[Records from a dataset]
◇ ◇ ◇

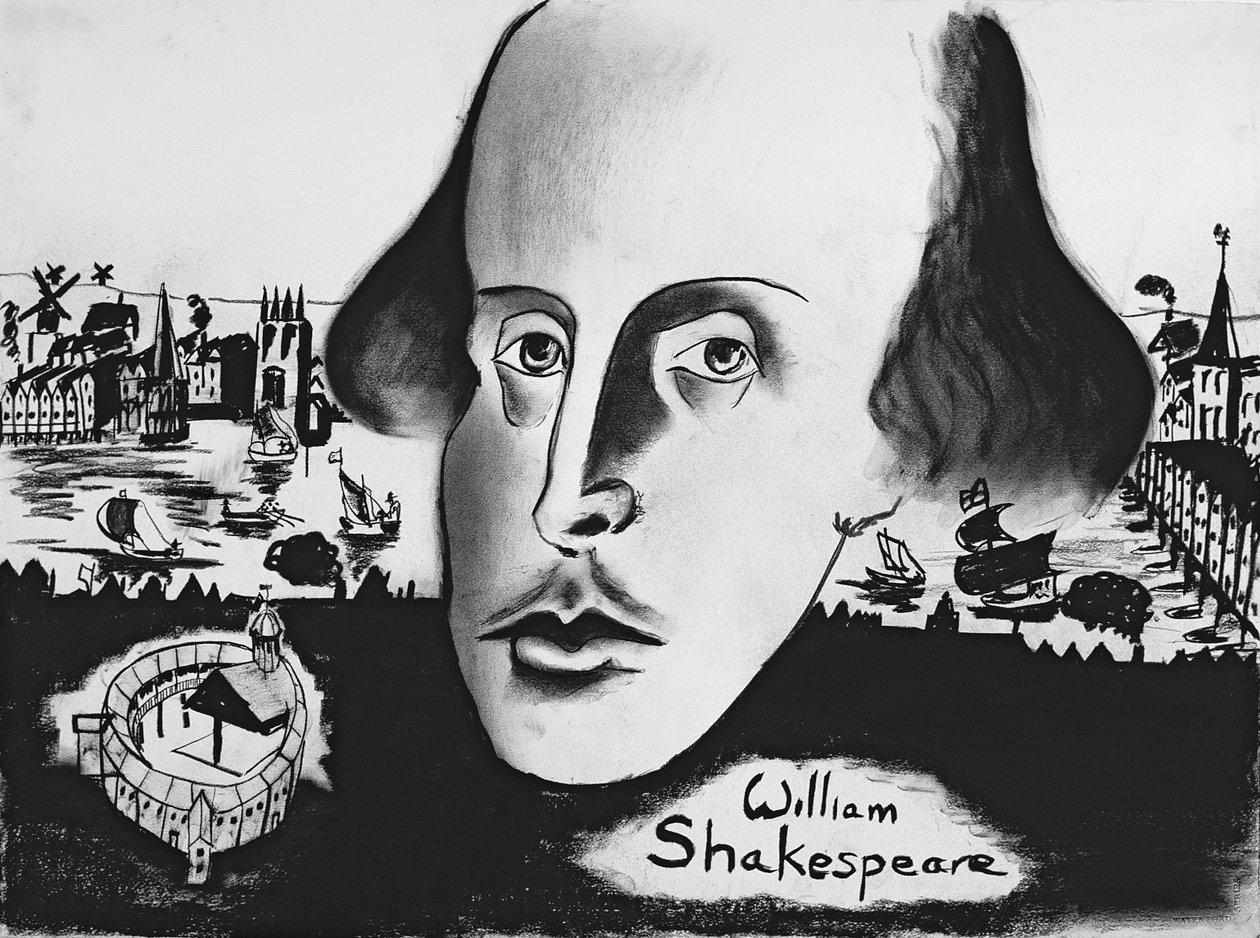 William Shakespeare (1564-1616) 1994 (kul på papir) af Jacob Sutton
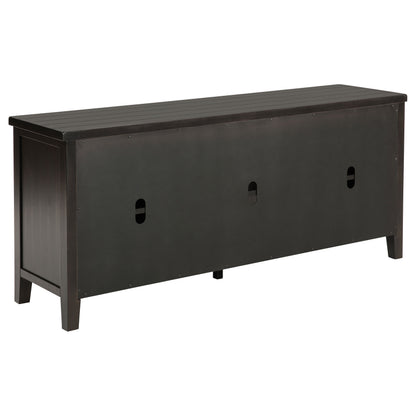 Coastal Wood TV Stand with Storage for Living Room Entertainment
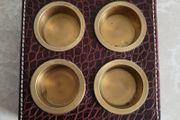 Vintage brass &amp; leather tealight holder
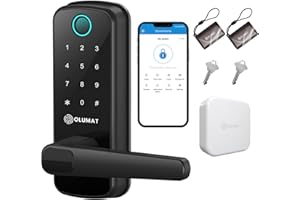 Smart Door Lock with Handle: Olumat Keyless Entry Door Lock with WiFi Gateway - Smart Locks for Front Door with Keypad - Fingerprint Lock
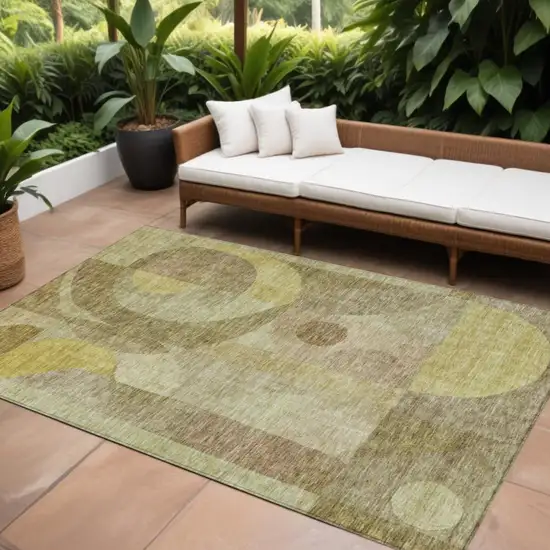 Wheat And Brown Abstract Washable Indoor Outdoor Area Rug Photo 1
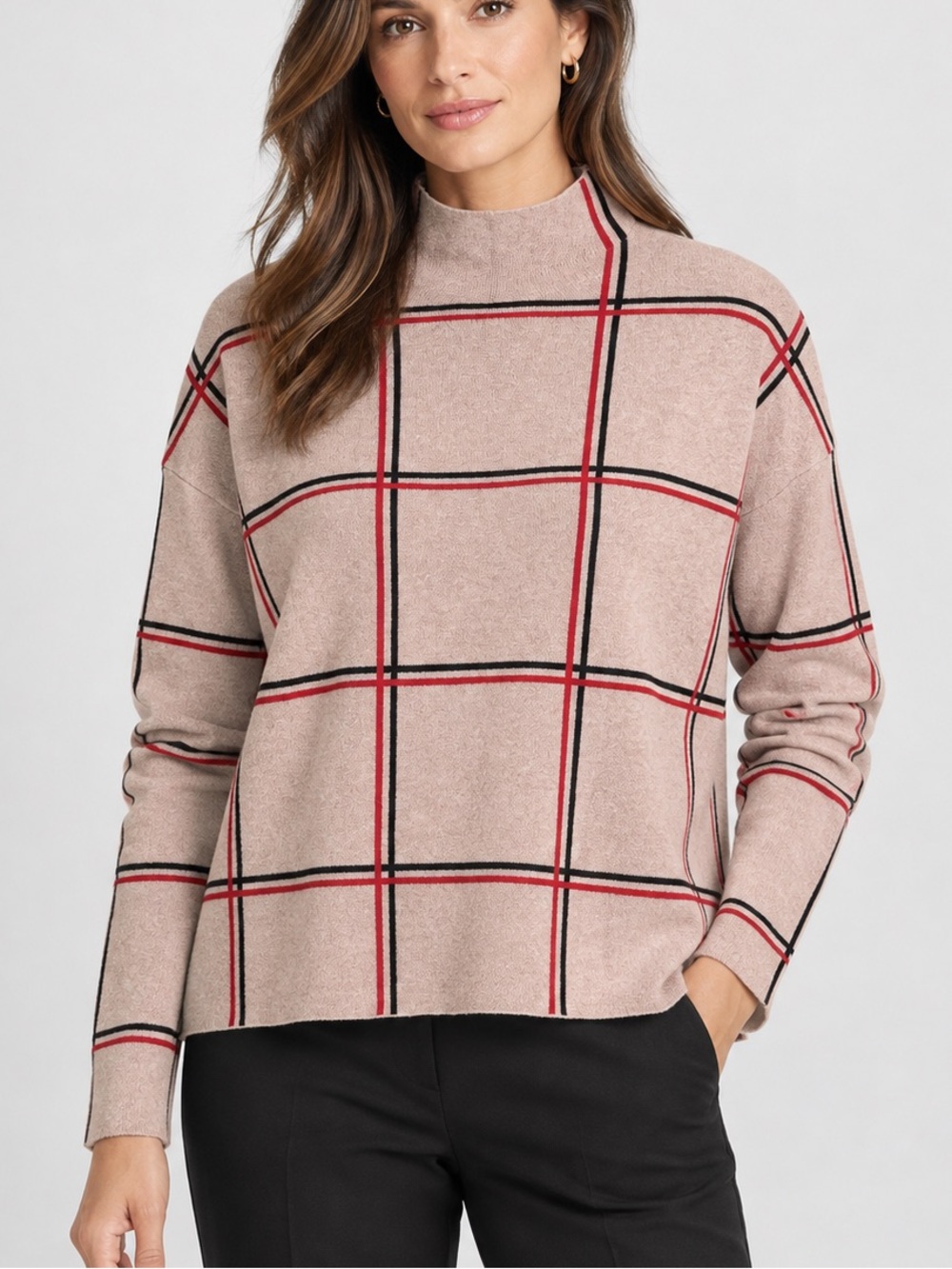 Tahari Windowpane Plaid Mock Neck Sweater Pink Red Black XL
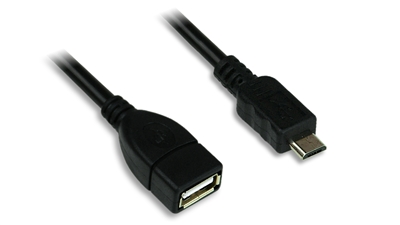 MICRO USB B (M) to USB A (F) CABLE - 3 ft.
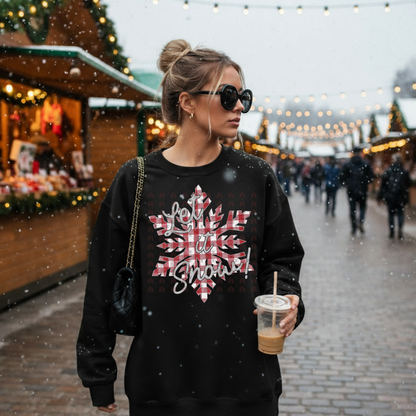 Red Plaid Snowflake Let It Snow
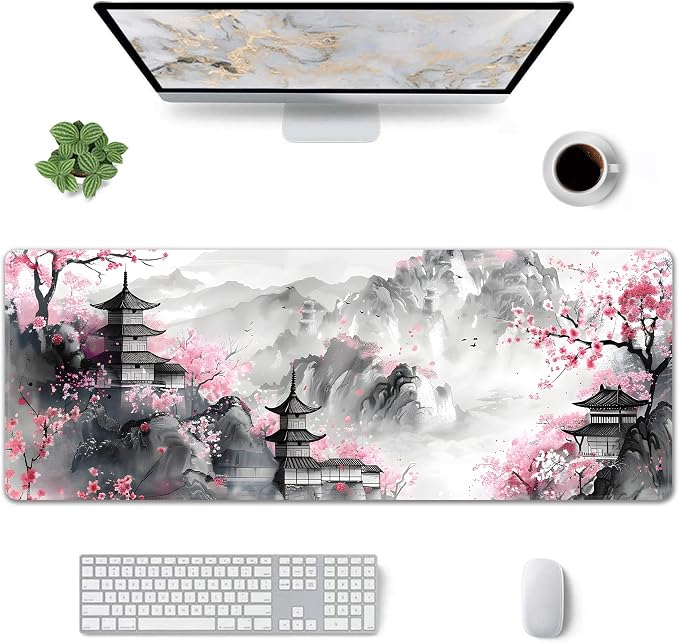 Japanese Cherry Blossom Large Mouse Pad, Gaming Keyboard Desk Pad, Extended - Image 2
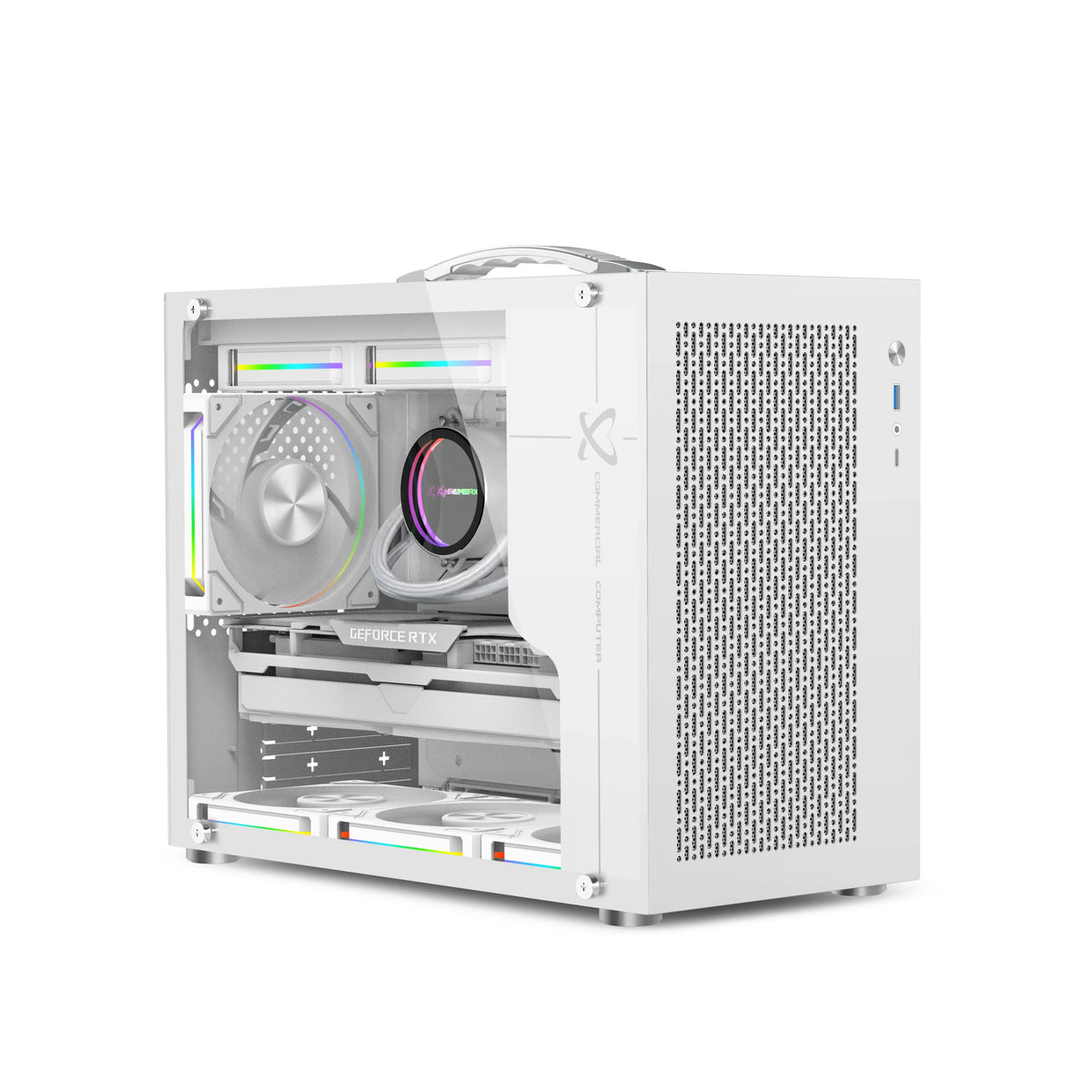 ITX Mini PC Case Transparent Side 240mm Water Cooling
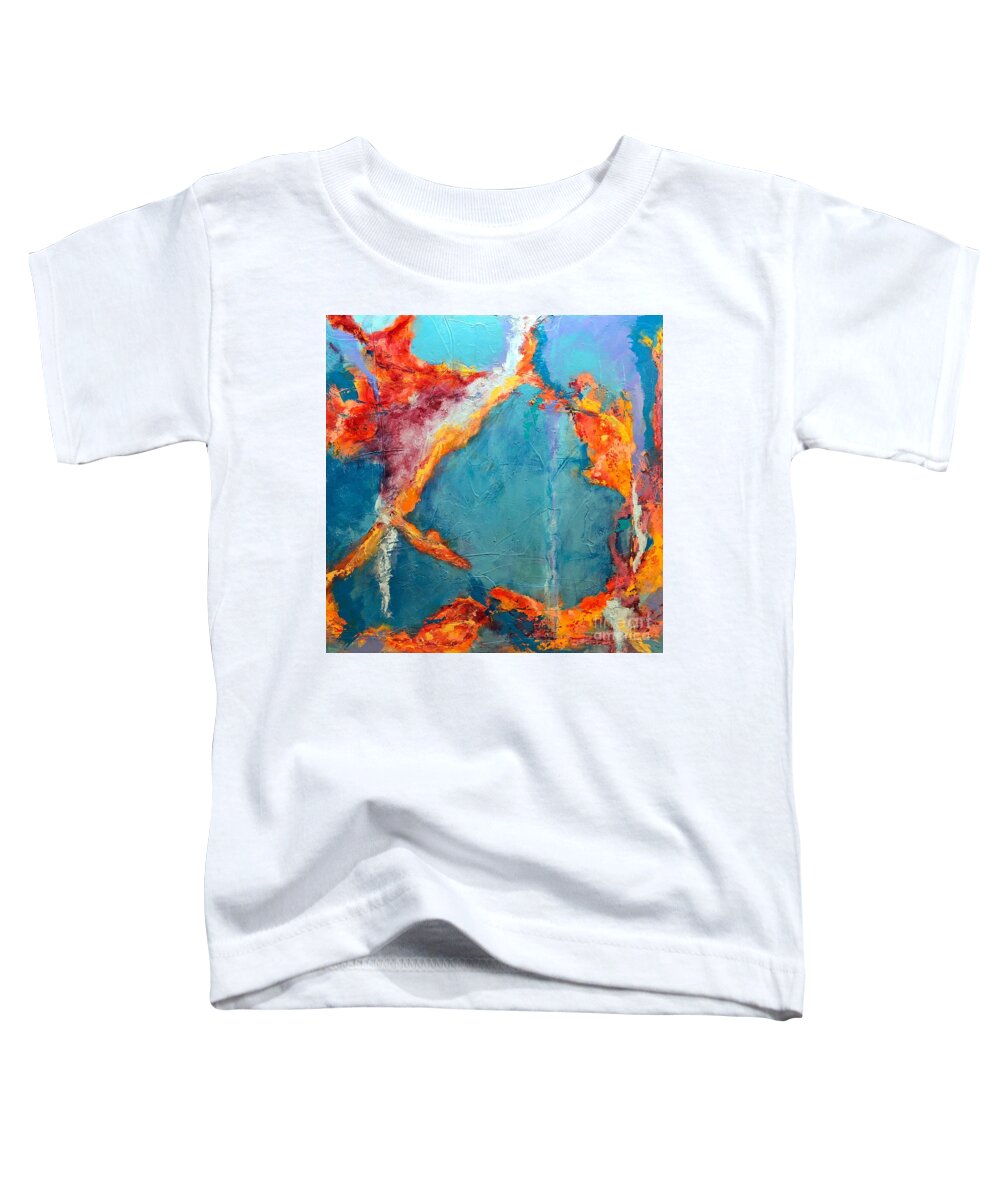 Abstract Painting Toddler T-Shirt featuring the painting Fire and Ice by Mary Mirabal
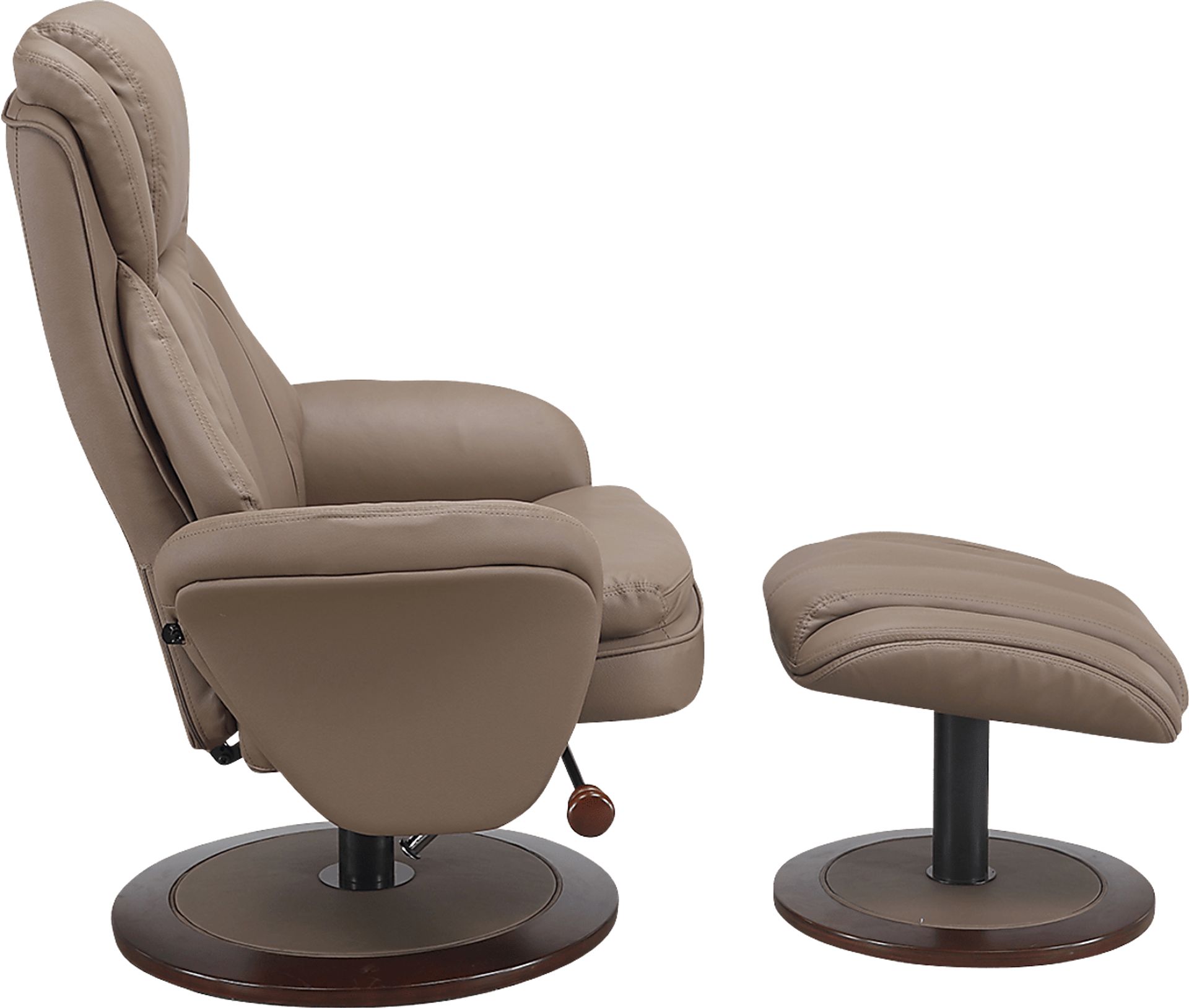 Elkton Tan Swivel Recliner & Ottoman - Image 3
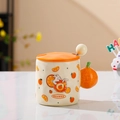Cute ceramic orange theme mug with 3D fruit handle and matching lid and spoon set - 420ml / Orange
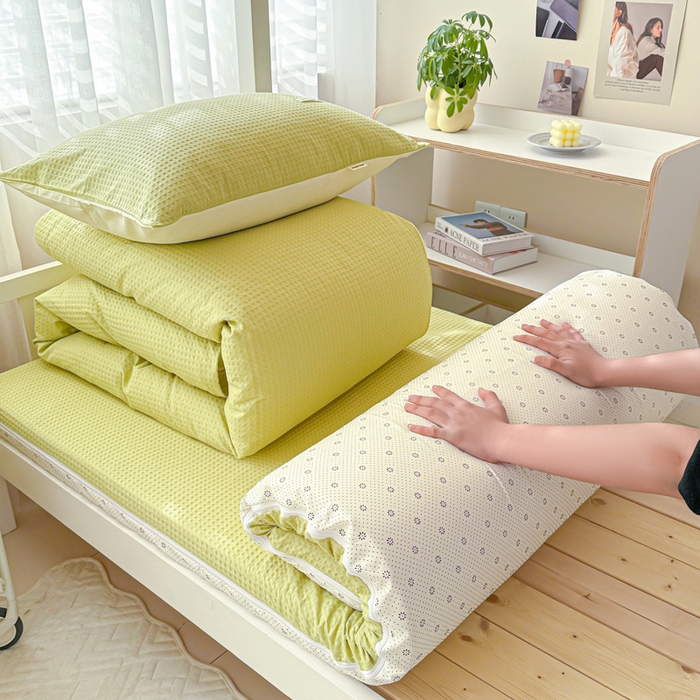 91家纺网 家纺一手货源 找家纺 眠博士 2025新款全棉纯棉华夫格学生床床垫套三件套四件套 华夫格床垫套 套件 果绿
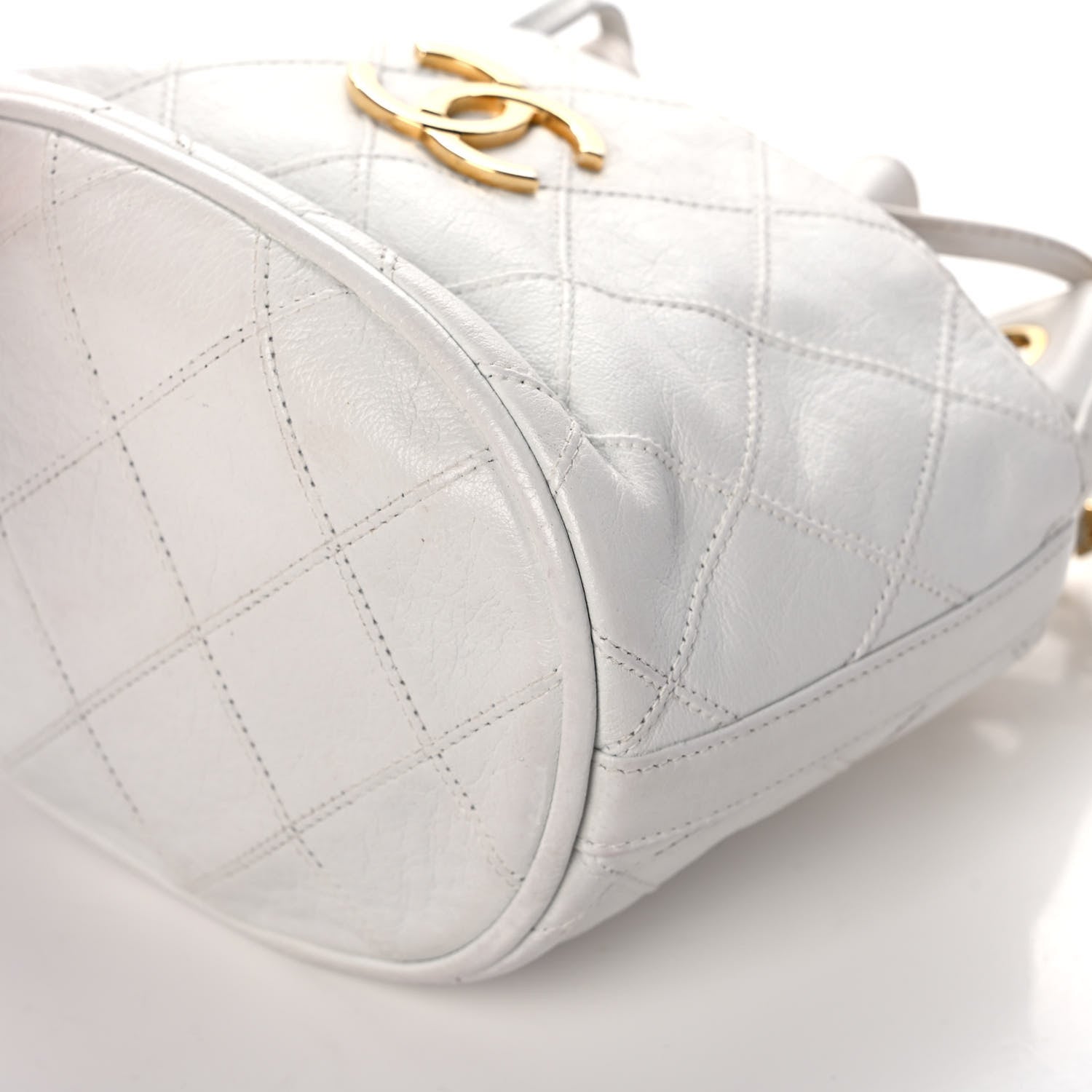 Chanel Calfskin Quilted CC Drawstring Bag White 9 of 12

◇ ◇ ◇

What is being asked. In the data above, the line containing "Abstract Painting Toddler" and all lines after it are to be reproduced exactly, leaving out the pictures.

Reply to the exercise.
 Abstract Painting Toddler T-Shirt featuring the painting Fire and Ice by Mary Mirabal
 Elkton Tan Swivel Recliner & Ottoman - Image 3
Cute ceramic orange theme mug with 3D fruit handle and matching lid and spoon set - 420ml / Orange
 91家纺网 家纺一手货源 找家纺 眠博士 2025新款全棉纯棉华夫格学生床床垫套三件套四件套 华夫格床垫套 套件 果绿
 Chanel Calfskin Quilted CC Drawstring Bag White 9 of 12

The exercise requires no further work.